Anne Proffit, Special to Motorsport.com
In the midst of her first season in NHRA Full Throttle Drag Racing Series Funny Car competition, rookie Alexis DeJoria is having a true learning experience.
Fresh from the Lucas Oil Sportsman Top Alcohol Funny Car ranks, where she earned her first victory in 2011 at Seattle, DeJoria finds herself in a hard battle to build a team in conjunction with Kalitta Motorsports, stay in the Top 10 and qualify for the Countdown to the Championship that begins after the Mac Tools U.S. Nationals on Labor Day weekend.
Having a week off between races - and following a grueling three-stop Western Swing - DeJoria took advantage of an opportunity not everyone can handle.
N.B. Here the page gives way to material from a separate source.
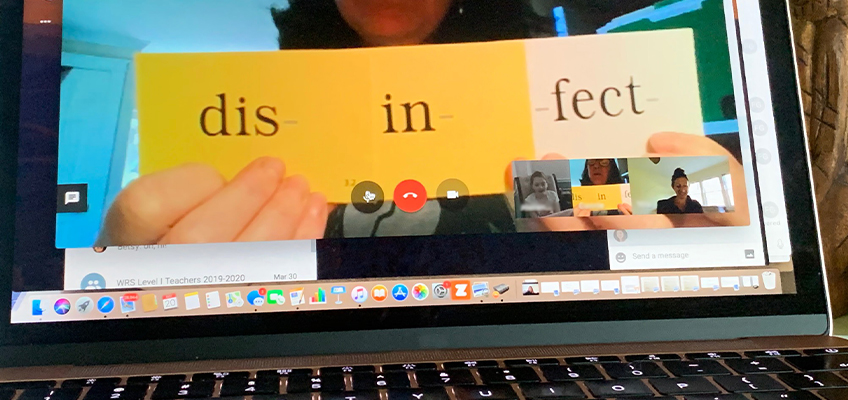 A virtual meeting screen shows a person holding three cards with the text dis- on a yellow card, in- on an orange card, and fect on a yellow card. Participants are visible in small video call thumbnails.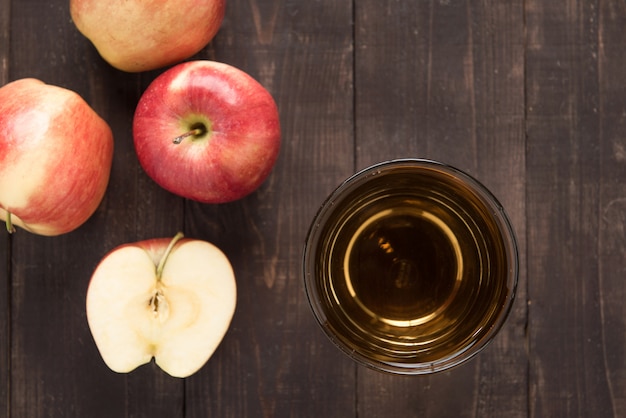 Top gesundes Apfelsaftgetränk und rote Apfelfrüchte auf Holz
She boarded a plane for Boise, Idaho so she could get a ride-along in an F-15 fighter jet. With a father who spent time in the Navy, DeJoria has always had an interest in the military. The dream of riding in a jet - even as she caught the drag racing bug and spent the past seven years working her way toward the Funny Car ranks - never went away. DeJoria even has an F-15 tattoo on her right forearm.
There's a little history here: DeJoria met the Thunder Bolts, the 389th Fighter Squadron at Mountain Home Air Force Base during the Las Vegas round of racing in the fall of 2010. She had "Stealth Motorsports" on the side of her rig and that caught the squadron's attention; they became friendly. It took almost two years to set up the process for the ride-along at their base, but this week it came true.
DeJoria is only the second civilian to earn a ride-along with this squadron, having to get an okay from the entire wing at Mountain Home AF Base. Her request then moved to public affairs and eventually the base commander had to sign off on the proposal before going higher in the Air Force food chain. Final approval comes from the Air Combat Commander, a 4-star general who sits under the Joints Chief of Staff for the Air Force.
They really let me feel the full effect of what these jets are capable of, including a vertical takeoff, formation maneuvers, pulling 8.4g's...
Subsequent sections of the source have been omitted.